- _Provided data_

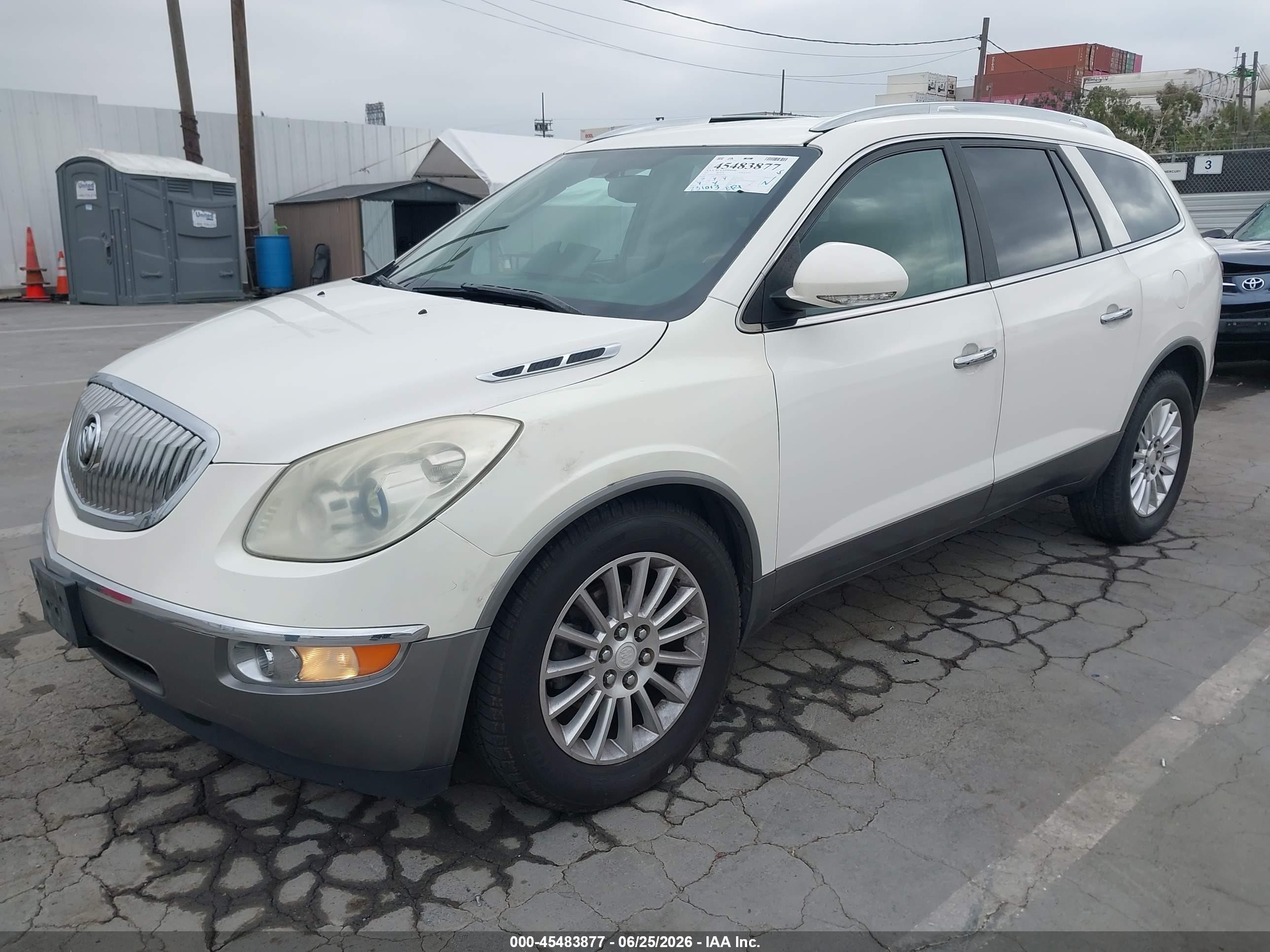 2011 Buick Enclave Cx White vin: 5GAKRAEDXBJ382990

---

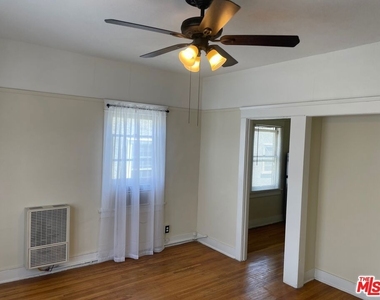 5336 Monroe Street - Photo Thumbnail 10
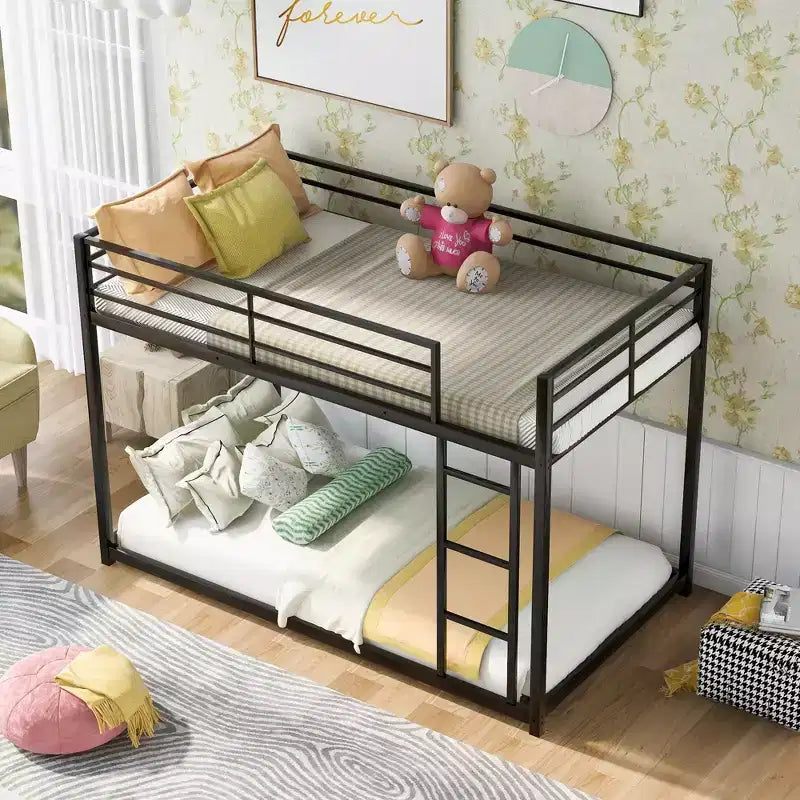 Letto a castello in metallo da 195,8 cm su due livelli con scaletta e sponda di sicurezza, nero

--

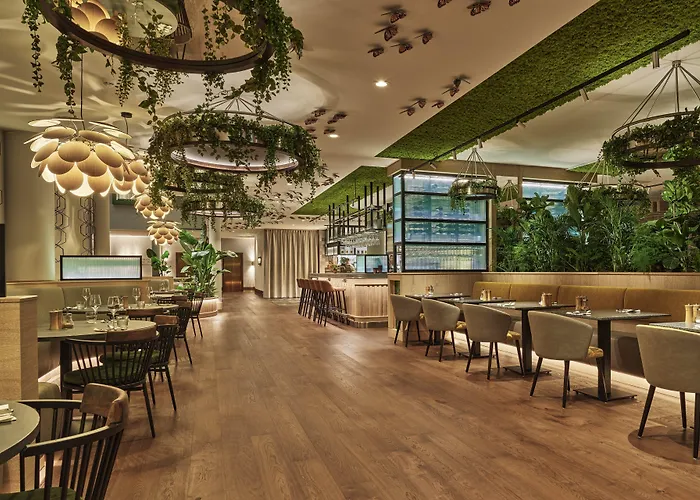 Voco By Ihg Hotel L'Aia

- _Work request_
Taking the entries above, extract every line from the one bearing "5336 Monroe Street - Photo Thumbnail 10" through the one bearing "Letto a castello", exactly, with no pictures.

- _Reply_
 5336 Monroe Street - Photo Thumbnail 10
 Letto a castello in metallo da 195,8 cm su due livelli con scaletta e sponda di sicurezza, nero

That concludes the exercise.